Skill Proficiency is based on six different ranks representing the character's knowledge in a particular technique: Basic, Practiced, Proficient, Good, Expert, and Master. All skills start at Basic, which means they roll Characteristic dice when making the skill check. Proficiency allows the character to ad 3d6 to their roll, and every rank above Proficiency adds an additional die to the check.
- Basic: The character has no training in the skill and must rely on luck to succeed.
- Proficient: The character has a basic amount of training in the skill, enough to use their Base Characteristic efficiently in completing the skill, but not so much so that they can complete tasks reliant on that skill reliably.
- Practiced: The character has the necessary training to complete tasks utilizing the skill reliably, though they won't be as skilled as others who have devoted more time to perfecting their art.
- Expert: The character has spent considerable time perfecting their technique with a particular skill, allowing them to complete tasks involving that skill a majority of the time.
- Mastery: The character's proficiency with a skill is effectively perfect, meaning they will complete tasks using that skill almost all of the time and do so with minimal mistakes.
For Equipment Proficiencies, ranks above Basic grant the following bonuses:
- Weapons: For every rank in a weapon category, the player receives a +1 bonus to Accuracy checks with weapons in that category.

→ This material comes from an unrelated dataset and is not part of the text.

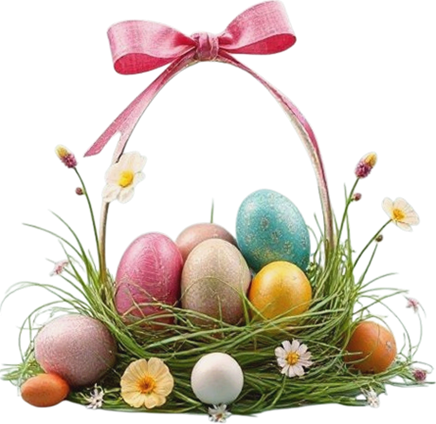 EasterBasket static emote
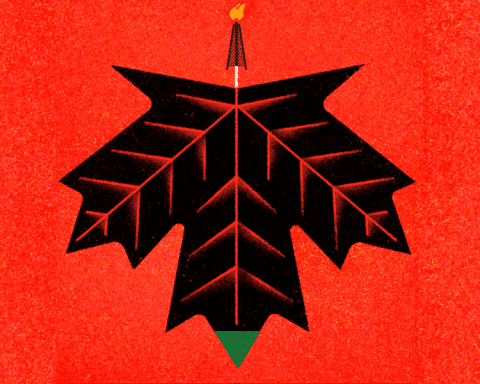 Maple leaf oil industry canada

- Armor: For every two ranks past the first, the player receives a +1 bonus to Toughness and Resistance while wearing armor in that category. At 2 and 4 ranks, the penalty to Dodge for wearing armor decreases by 1.
- Shields: For every two ranks past the first, the player receives a +1 bonus to Dodge while using a shield in that category. At ranks 2 and 4, the player receives a +1 bonus to Armor.
- Vehicles: For every rank in proficiency with a vehicle category, the penalty to the player's Dodge while using a vehicle in that category decreases by 1.
Skill Checks Edit
When a character wants to complete a task, they must complete a skill check as appropriate. The character rolls the number of d6s under the appropriate skill and adds the total together. If the total exceeds a target number set by the Game Master, the player is successful in completing the task.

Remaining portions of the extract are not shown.